Portals of Discovery: January 2026
Unify Akron is not a finished product.
From the beginning, this initiative was designed as a learning lab, one that improves as people step into it, question it, and help shape it.
Democracy isn't about following a perfect blueprint to the letter. Democracy works when people put their fingerprints on it and improve it over time, constantly, together.
Over the last month, many Akron residents, partners, and community members have helped improve the way Unify Akron is running the Civic Assembly by taking the time to ask hard questions and offer suggestions. This is what moves the work forward.
Unify Akron is dubbing these moments–when we find weaknesses or oversights in our thinking, and areas for improvement–“Portals of Discovery.”
This framing is about learning and not defensiveness. It’s a reminder that feedback isn’t a disruption to the process; it’s part of the process. When someone names a blind spot, they’re not pointing backward. They’re opening the next door.
Portals of Discovery acknowledge that wisdom doesn’t arrive all at once. It emerges through participation, trust, and honest exchange. And that’s exactly what Unify Akron is built to invite.
Portal #1: Including Unstable Housing on Lottery Form
People experiencing homelessness currently or in the past are intentionally included in this process through existing organizations, outreach, and idea generation conversations. But several people (in conversations, emails, and community meetings) pointed out something that should have been clear from the start: the Civic Lottery sign-up form didn’t make it easy for people without stable housing to see themselves in the process.
That feedback was spot on. People experiencing housing instability are among those most affected by the issue this Assembly is taking on. When community members flagged this gap, they weren’t just correcting a form. They were protecting the integrity of the process.
A question on the form that asks applicants about their current living arrangement (which initially included rent or own) has been updated to include not having a stable place.

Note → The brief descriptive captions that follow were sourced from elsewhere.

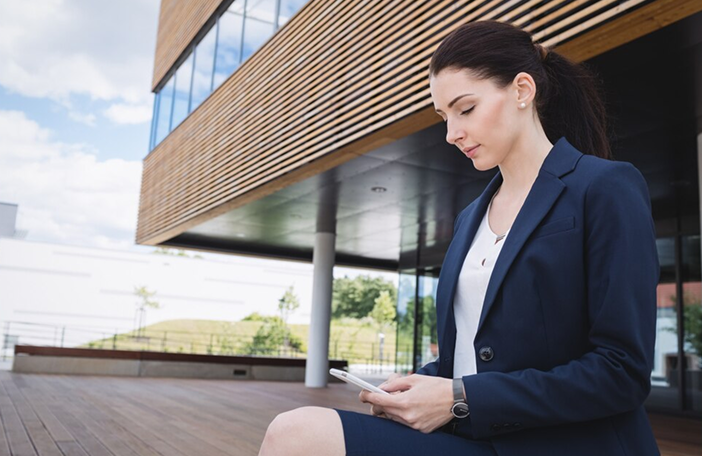 businesswoman-using-mobile-phone_107420-84724 1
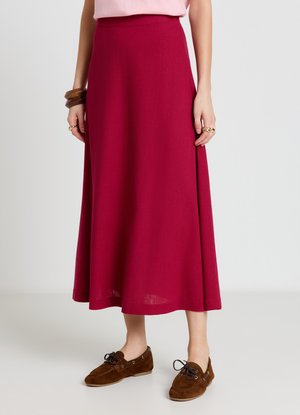 Femme portant une longue jupe rouge, des mocassins marron, un haut rose, des bracelets en bois et des bagues en or, debout devant un fond clair uni.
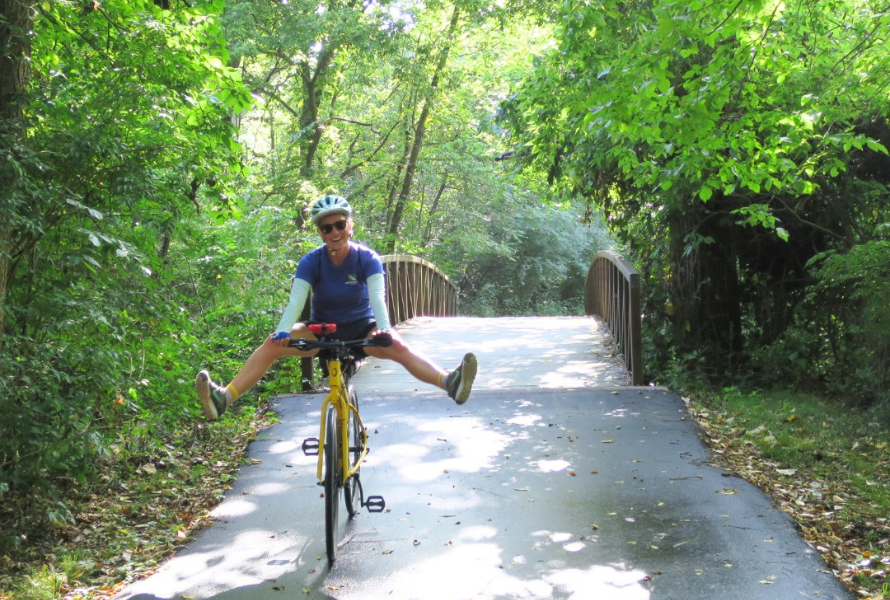 A woman does a trick on a bike along a former railway turned paved trail. (Photos courtesy of Rails to Trails Conservancy.)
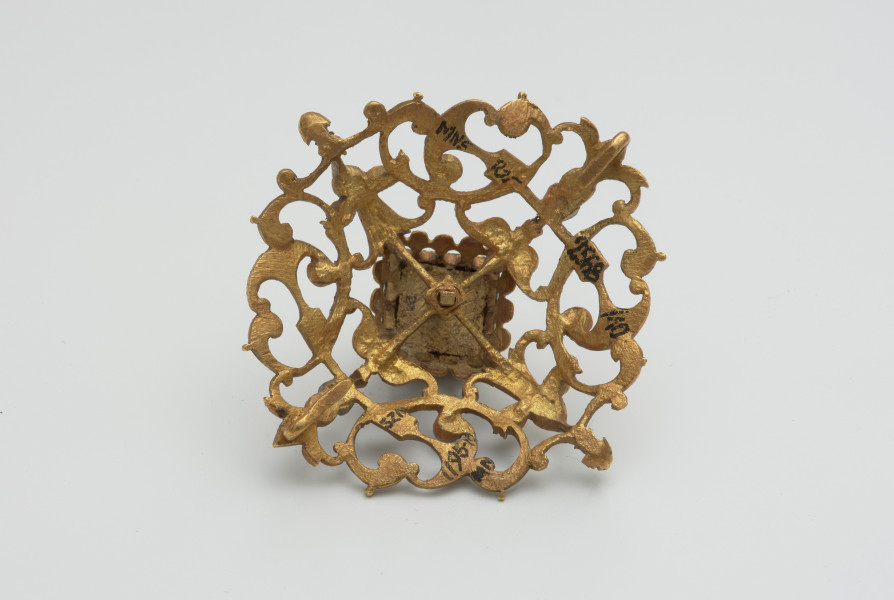 biżuteria, ozdoby - Ujęcie z tyłu. Ażurowy klejnot z kołpaka z diamentem, zdobiony barwną emalią.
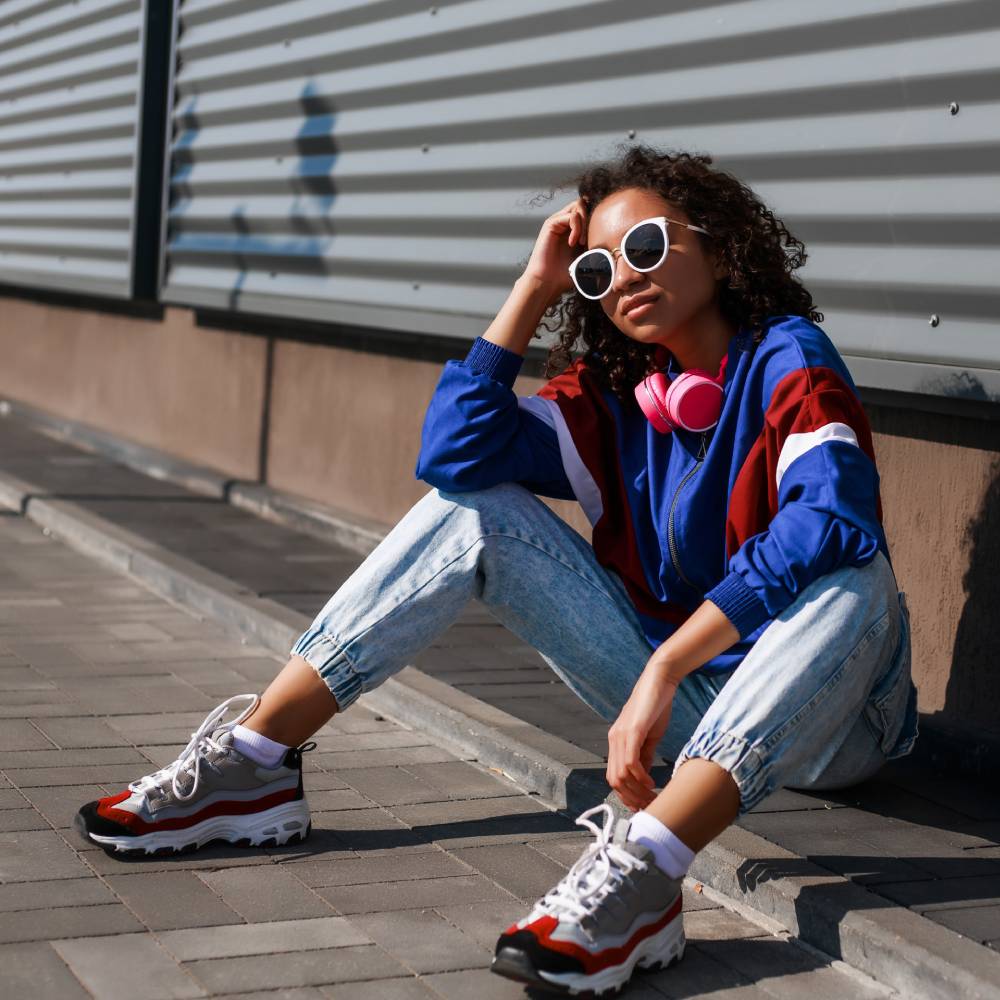  A girl wearing retro sunglasses, a bomber hoodie, high-waisted jeans, and other retro fashion styles sits on a curb.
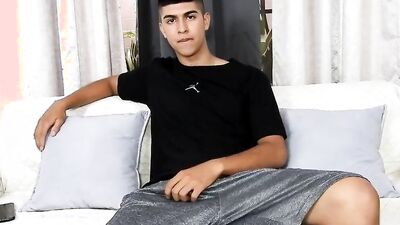 Cute Latino is stroking his hard prick on the couch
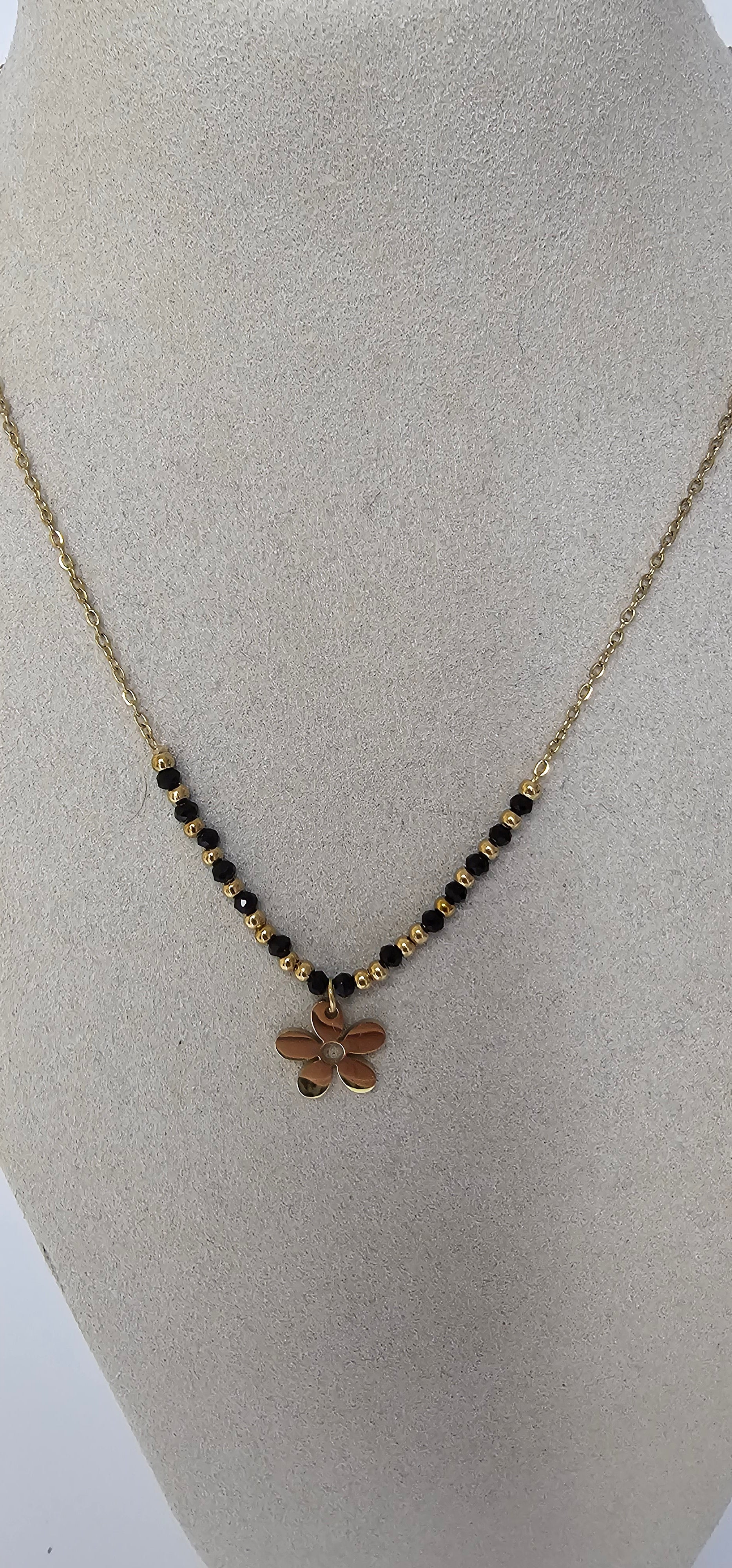 Collier pendentif fleur dorée évidée avec cristaux noirs sur chaîne fine dorée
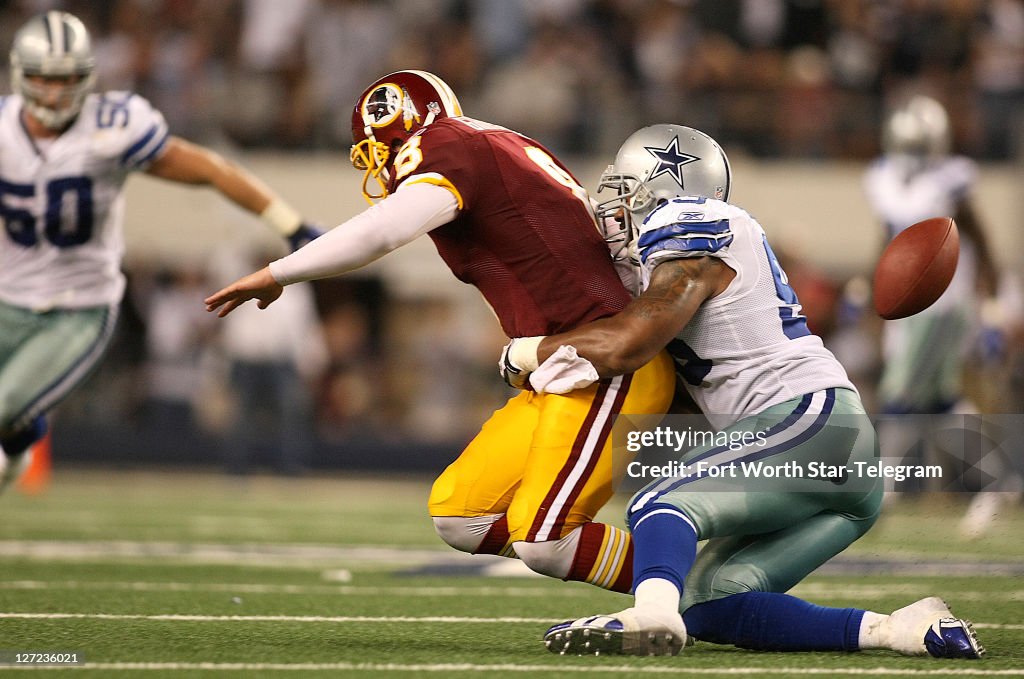 Cowboys Redskins Rivalry Dallas Cowboys outside linebacker Anthony Spencer strips the ball ...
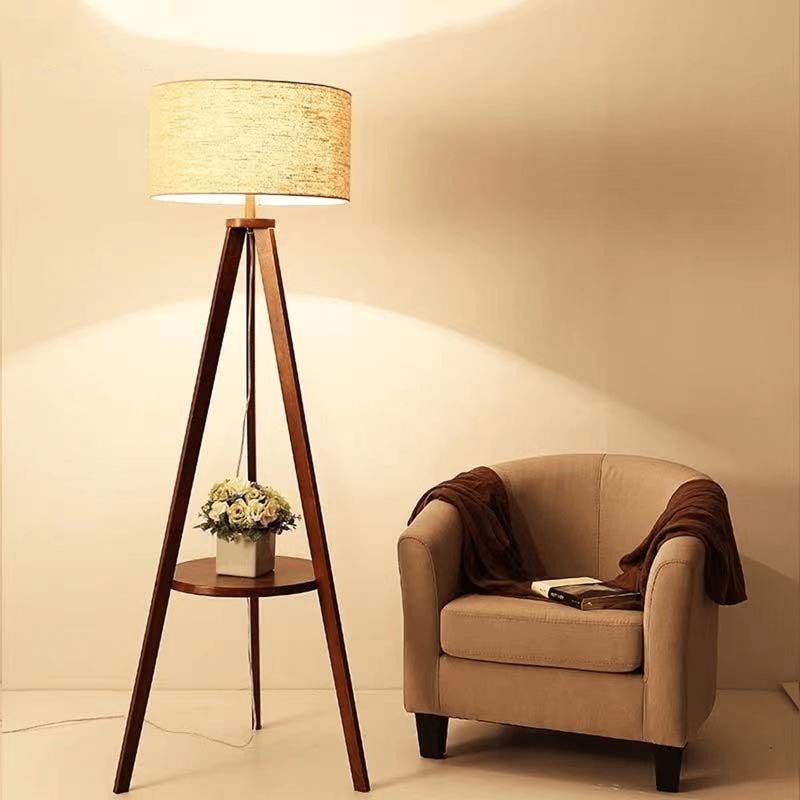 Triangular wooden floor lamp with a beige lampshade next to a beige armchair in a softly lit room.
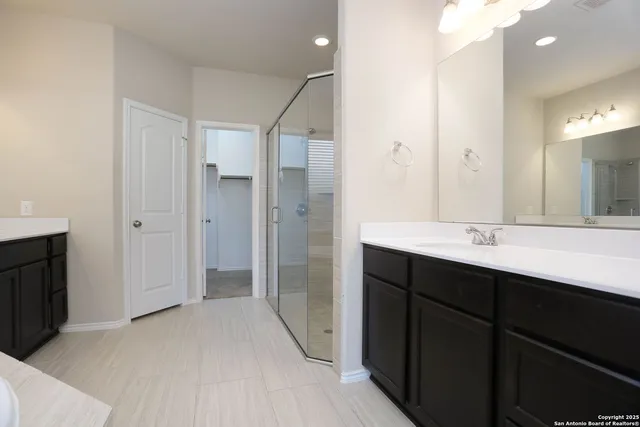a bathroom with a double vanity sink a large mirror and shower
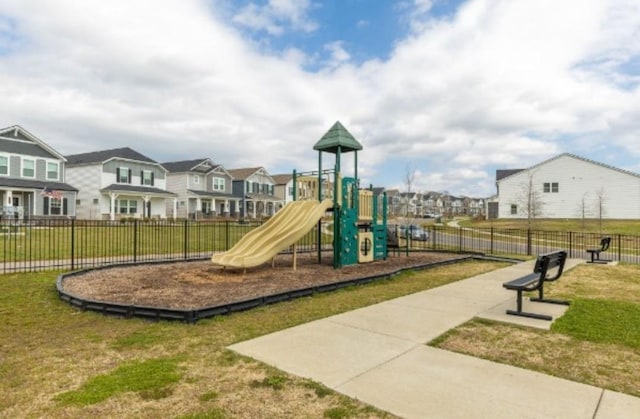 community jungle gym featuring a residential view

Portal #2: Creating a Housing Resources Guide
As the Outreach Team has been out in the community sharing information and recruiting people to sign up for the lottery, many people don’t just share ideas. They share what they’re dealing with right now.
Impending evictions. Unsafe living conditions. Nowhere to turn.
Thank you to the individuals who, in the middle of difficult situations, still took the time to engage, and who gently but clearly named a need: If you’re going to ask people to share, you also need somewhere to point them for help.
While Unify Akron isn’t a direct service provider, its volunteers, staff, and contractors must be responsible listeners who can direct the help they may need. This new housing resources guide includes the Akron Street Card, thanks to Axess Family Services.
Portal #3: Considering the Reading Level of Materials
The Accountability Team pointed out that some Unify Akron materials were too hard to get through.
They recommended using an 8th-grade reading level as the new filter.
Choosing this reading level wasn’t about lowering standards. It was about respecting people’s time, energy, and right to fully understand what they’re being invited into.
Portal #4: Being Clear About Who’s at the Table
One of the most common — and fair — questions the Unify Akron Teams have heard is:
“Akron doesn’t need another initiative. Isn’t another group already doing this?”
Thank you for asking this out loud. Unify Akron needed to be more transparent about who’s involved, how this work connects to other efforts, and where the Civic Assembly fits in a much larger housing ecosystem.
By being more open about our partners and collaborators, we’re acknowledging something important: this work doesn’t belong to one organization. It’s part of a bigger puzzle that’s already being put together.
Unify Akron and its first Civic Assembly don’t replace or compete with existing efforts. They’re a way to honor and organize what’s already here—bringing experience, expertise, and decision-making power into the same room. The goal is not to invent something new, but to help Akron use its strengths more effectively and turn long-standing efforts into visible, community-shaped action.
In short: this isn’t another initiative. It’s a different way of working together, built on Akron’s strengths and designed to help the city do what it’s already capable of doing—just with better alignment, clarity, and follow-through.
The team is working on a new webpage to highlight the partners at the table that will be live later this month.
If you’ve shared feedback already, thank you.
If you’re considering it, please do.
This work gets better because people like you help it get better.